SALT LAKE CITY — Utah House leadership and police are looking into Sen. Daniel Thatcher's claim that House Minority Leader Brian King assaulted him last month before a meeting at the state Capitol.

The two lawmakers have different versions of what happened in a Senate building corridor as they arrived for a Utah Sentencing Commission meeting Oct. 3. And both say surveillance video — which has not been released publicly — will bear out their side of the confrontation.

"I think the video is more than clear," said Thatcher, R-West Valley City.

"It will put it to rest, a lot of it," said King, D-Salt Lake City.

Outgoing House Speaker Greg Hughes, R-Draper, has reviewed the video and spoken to Thatcher and King. He said he has a "pretty good sense" of what happened.

"I've seen enough that I'm moving forward," Hughes said, adding he will issue a letter on the matter before he leaves office in January, though he said he doesn't know if it would be a public document.

The speaker said Thatcher's pursuit of criminal charges against King has no bearing on the House process for investigating complaints.

A decision on criminal charges rests with a South Jordan prosecutor after the Salt County District Attorney's Office handed the case off because of a conflict. The Utah Highway Patrol, which provides security at the Capitol, has not released video of the incident, citing the ongoing investigation.

Thatcher said King "attacked" him, grabbing his lower ribs under one of his arms and slamming him into a wall, after he patted him on the shoulder from behind to say hello. He described it as "vicious and violent."

"It was a full-on wrestle move," he said.

King said he put his hands on Thatcher's arms and stepped into him to let him know he was angry with him.

In his statement to the UHP, King wrote that he was irritated a few days earlier in the Capitol's underground parking lot that Thatcher "angrily" wanted to know why he wasn't supporting his re-election campaign. He said it bothered him and he let Thatcher know it during the incident in the hallway.

"I told him he didn't have a clue what it was like to be in the superminority and he needed to stop acting like I owed him or any other Republican my support," he said.

King, who was elected to another term as minority leader Tuesday, said he quickly apologized verbally and with text messages but "he won't accept my genuine, immediate and sincere apology."

Thatcher first went to the state's human resources department but said he was told it could not do anything because King is an elected official. He filed a complaint with legislative leadership and also went to the highway patrol, which took statements from him and King.

Hughes said it's "inaccurate" that human resources doesn't have role in the process and that it is involved in reviewing the incident, but the decision on how to handle it belongs to him.

Last week, Thatcher posted a five-minute video about the confrontation on his Facebook page to counter King's "dishonest" narrative of what happened, which Thatcher said has changed three times.

Thatcher said that since he filed his complaint, a dozen legislators have told him about run-ins with King, including three with physical contact. He said King has a "long-standing pattern of abusive behavior" and that he needs professional help.

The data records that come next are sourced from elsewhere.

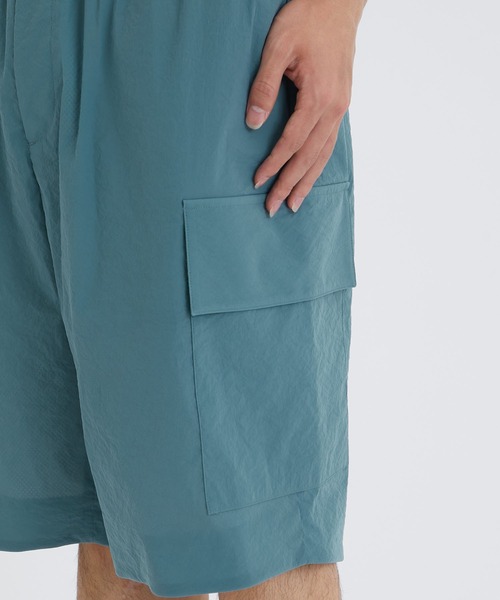 ATON / エイトン】HIGH STRETCH NYLON EASY CARGO SHORTS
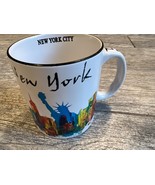 New York City Coffee Mug Souvenir Tourist Colorful Rainbow Spell out NYC... - $229.42 MXN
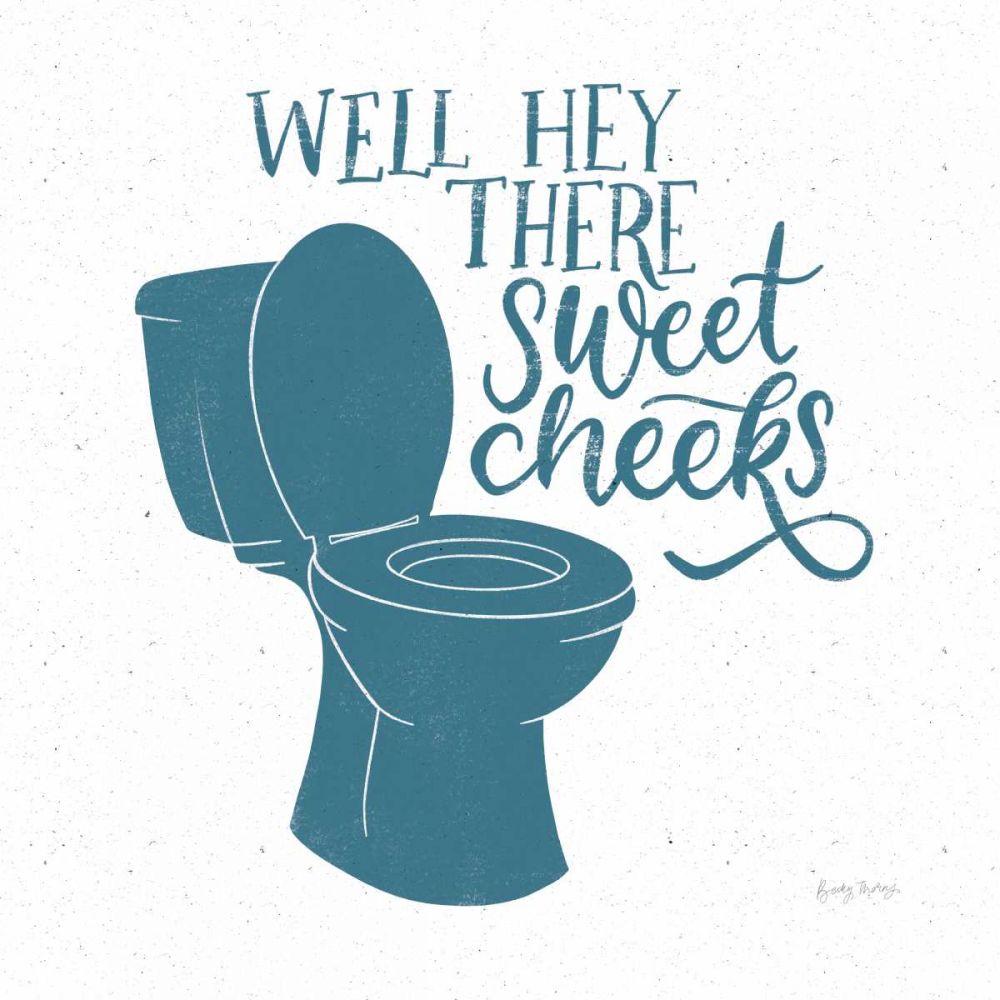 Turkish Tile Bathroom Puns III art print by Becky Thorns for $57.95 CAD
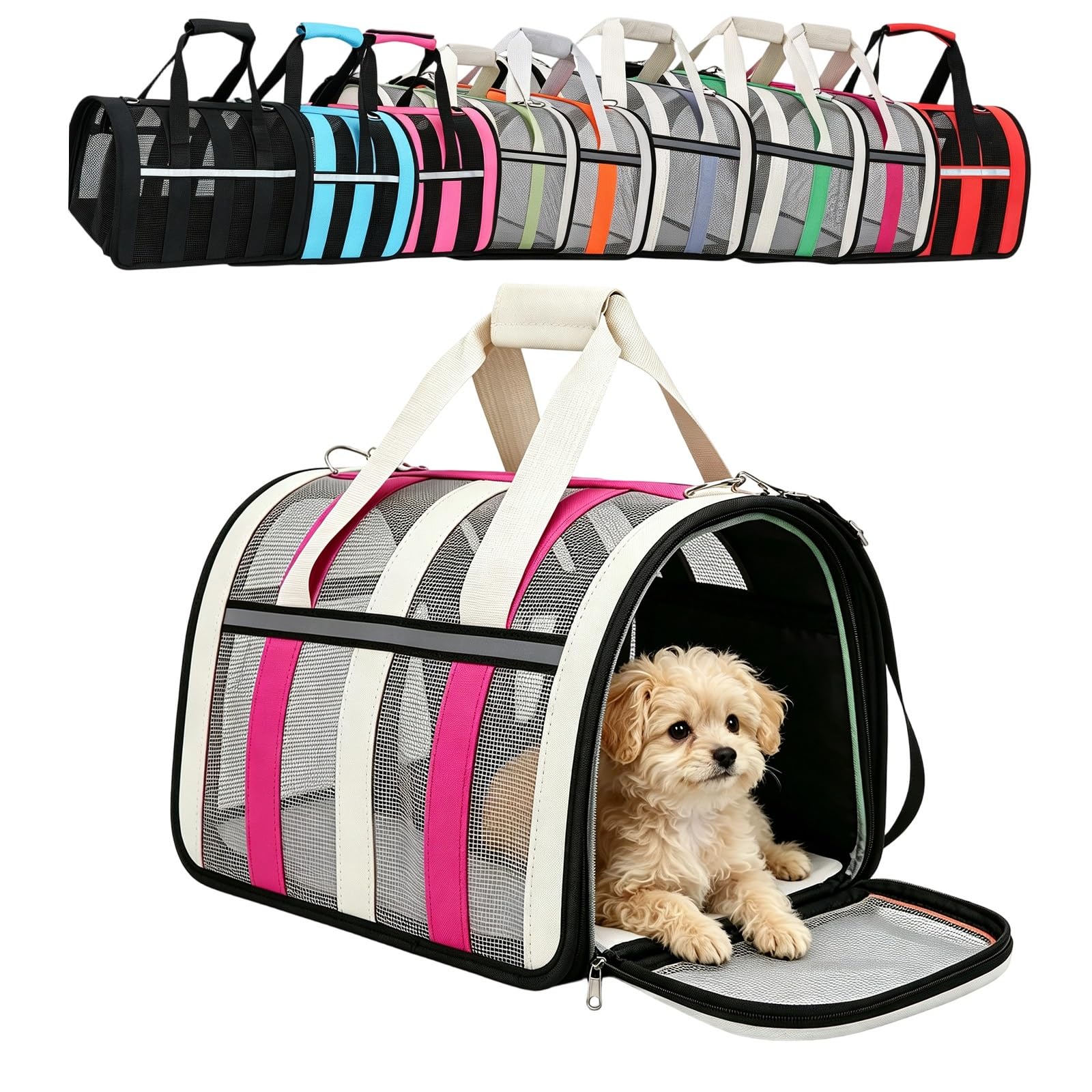 Bolsa para mascotas plegable: la solución portátil para perros de hasta 10kg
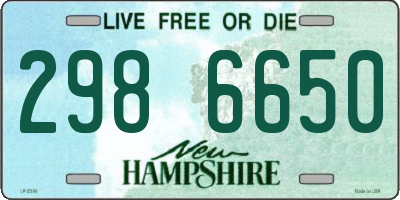 NH license plate 2986650
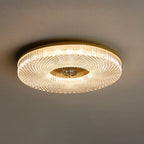 Lampa Sufitowa Nowoczesna z Okrągłym Kloszem Kryształowym - 9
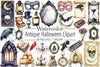 Antique Halloween Clipart Bundle 1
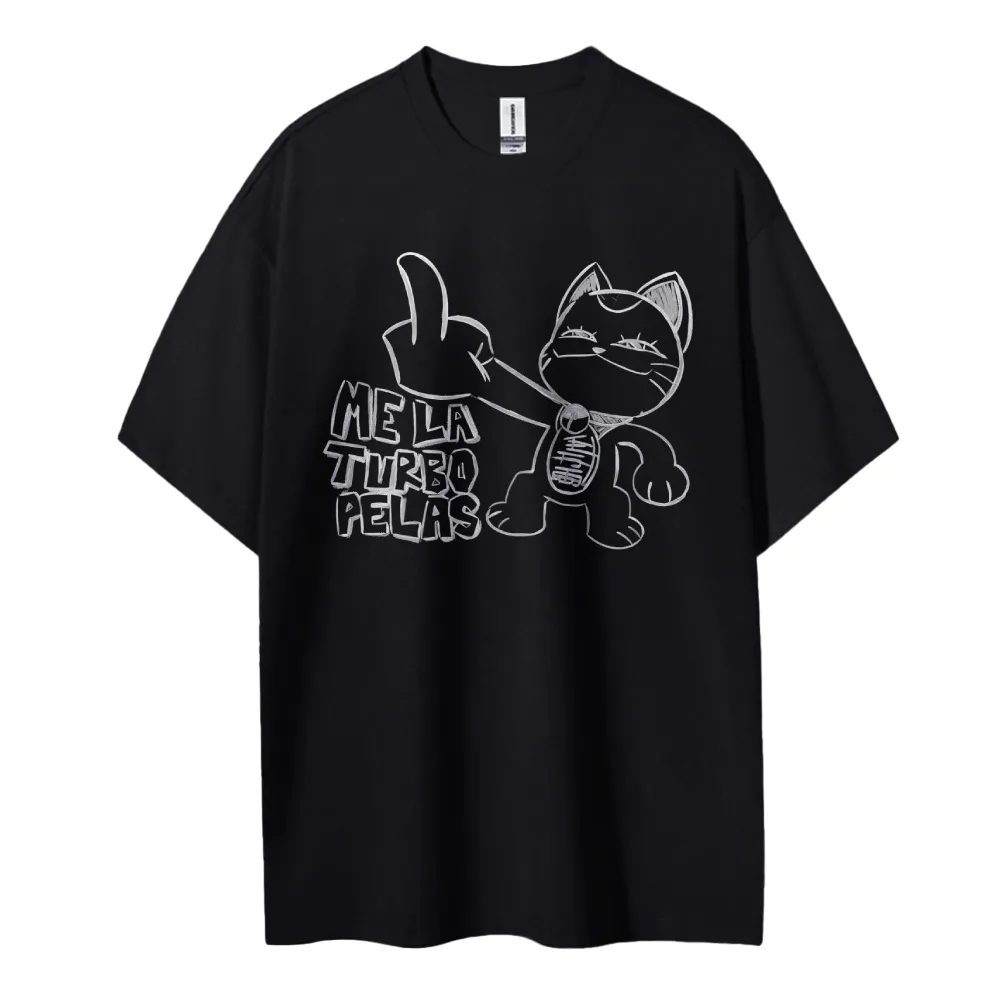 ダンダダン Tシャツ アニメ猫中指ジェスチャー ME LA  - Anime Merchandise Store Japan のレビューと価格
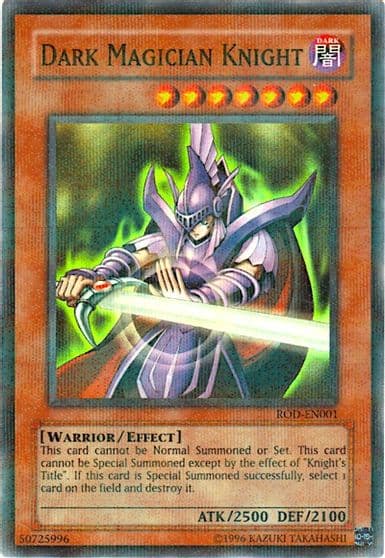 Dark Magician Knight Reshef of Destruction Super Rare Yu-Gi-Oh! Video Game Promotional Cards Yu-Gi-Oh! card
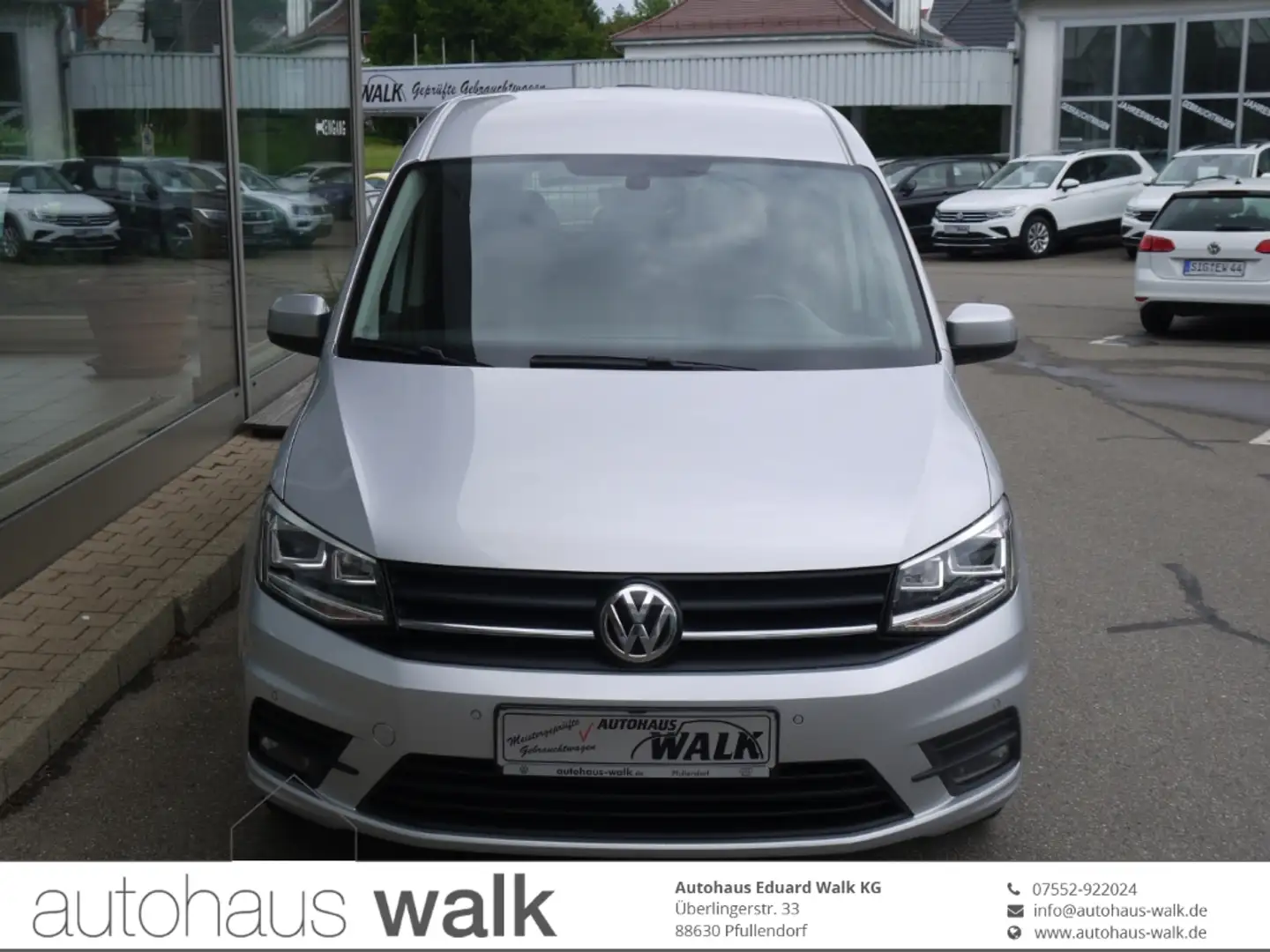 Volkswagen Caddy 2.0 TDI DSG Trendline NAVI/Xenon/AHK/ACC Silber - 1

In the video, he said King also yelled at a female member of the governor's staff.

King admitted letting the governor's staffer know he was unhappy with her. He said he apologized after the governor's deputy chief of staff told him he thought King had been too harsh.

King said passion runs high at the Legislature and there have been times when he has touched someone, "but not very often in anger."

"In fact, that incident with Thatcher, as the video will show once we get it out, was probably the most physically aggressive I've ever been with anybody in anger," King said.

But, he said, he's not going to allow Thatcher to blow it out of proportion.

"This is what we do as human beings. I hope it's what we do as human beings, that there are times when we err and we promptly and forthrightly go to the individual that may have been put off and we apologize," King said.

Thatcher said he was advised to drop his complaint but he can't because he wants to protect others from the same experience. He said King is "dangerous" and he can prove it in court.

"At the end of the day, failure to prosecute this case sends a signal that elected officials are above the law, because we are unless this prosecutor says we're not," he said.

King, an attorney, said he hopes the prosecutor makes a decision quickly, which he said should be easy based on the narrow set of facts.